Nope, you're in the normal forum. "Naval Aviator's Forum" is the header for one group of the normal forum threads.
 

Spekkio

He bowls overhand.
When I read "many folks can't be both," I read an undercurrent of "do whatever it takes to get the job done. If in doubt, ride your people, because they can suck it up." I'm not saying @Spekkio meant that, I'm saying that's what I read into it. Maybe I just ran across a couple asshole golden children too many on active duty, and it skews my perception (not that all golden children are assholes). I don't know. But when you ask "what is more important," there's an implied dichotomy of "you have to pick one or the other if you can't do both." And also an implication that "if you have to pick one, pick getting the mission done and be hated for it."
Not at all.

Some people can be hard nosed leaders and revered by their subordinates like General Mattis. These people have a gift of charisma that when they correct someone or come down on them, the person walks away thinking positively of that person. They're the top 1%.
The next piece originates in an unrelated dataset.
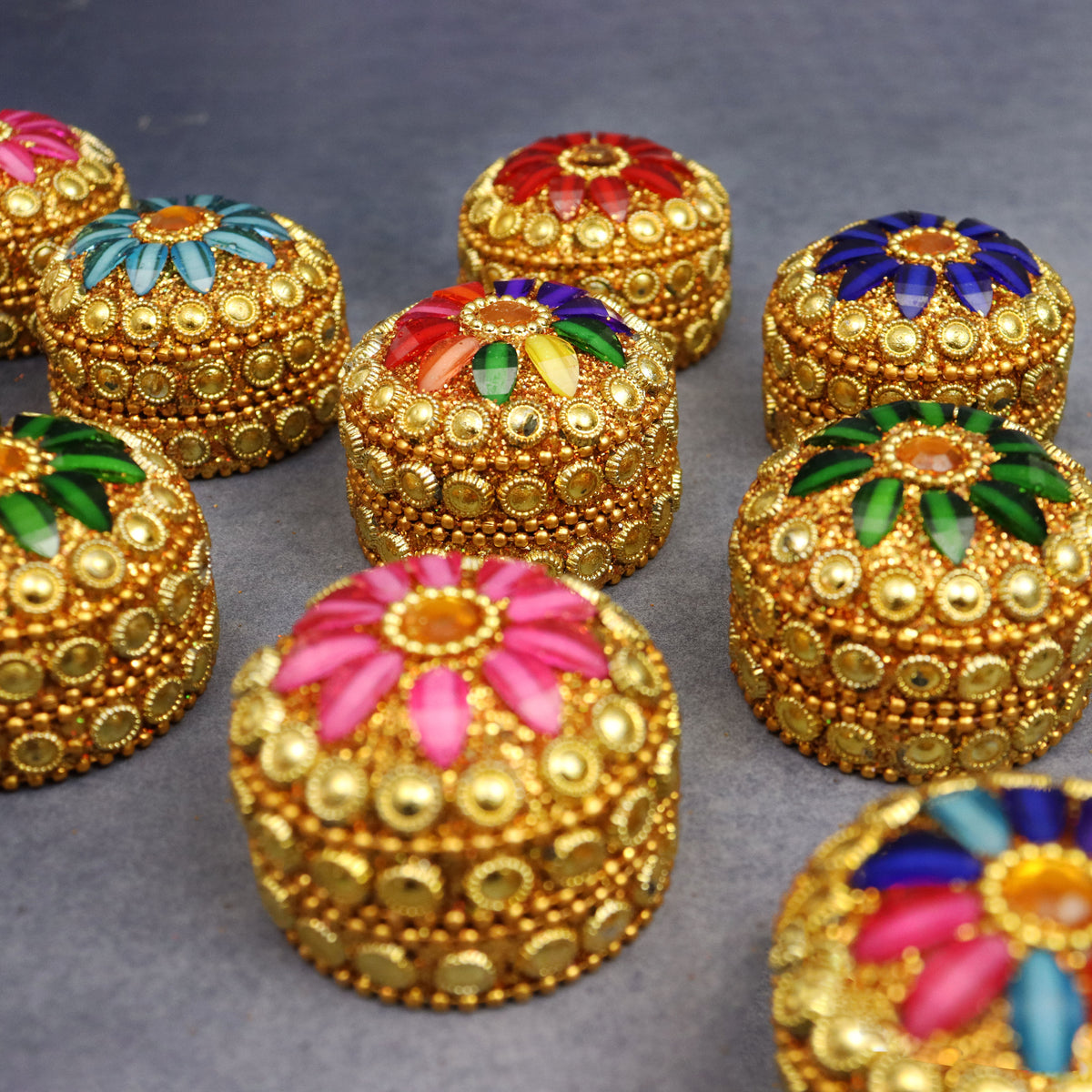 Multi color stone kumkum  size-2 Pack of 8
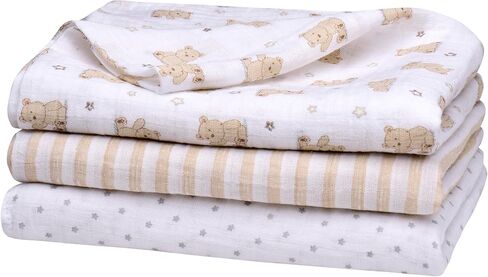 3 Pack Cotton Muslin Swaddle Blankets for Baby, 40" x 36", Lightweight, Breathable, Blue, (Nursery Animals, Giraffe, Lion, Elephant) in Saudi Arabia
Most are not like that. Most are like a CO I had as a JO that came into a ship that had let its skills and cleanliness decay in a 6 month upkeep. Like, couldn't fight a fire if our lives depended on it. Almost everyone with deployment experience, including officers, transferred.

We worked long days, Saturdays, you name it. Evening trainers, extra field days, etc. We hated him because he was a poor communicator. He was as inspirational as Ben Stein. We thought he was a slave driver and we hated how risk adverse he was compared to his predecessor. In retrospect, we needed the sets and reps, but we didn't know it as first tour sailors and JOs.

We deployed successfully, and just barely lost out on the Battle E.

Should that type of leader get fired? Should he have focused on being more likeable at the expense of raising the ship's performance? Should he have settled for 'good enough' instead of being the best we could possibly be?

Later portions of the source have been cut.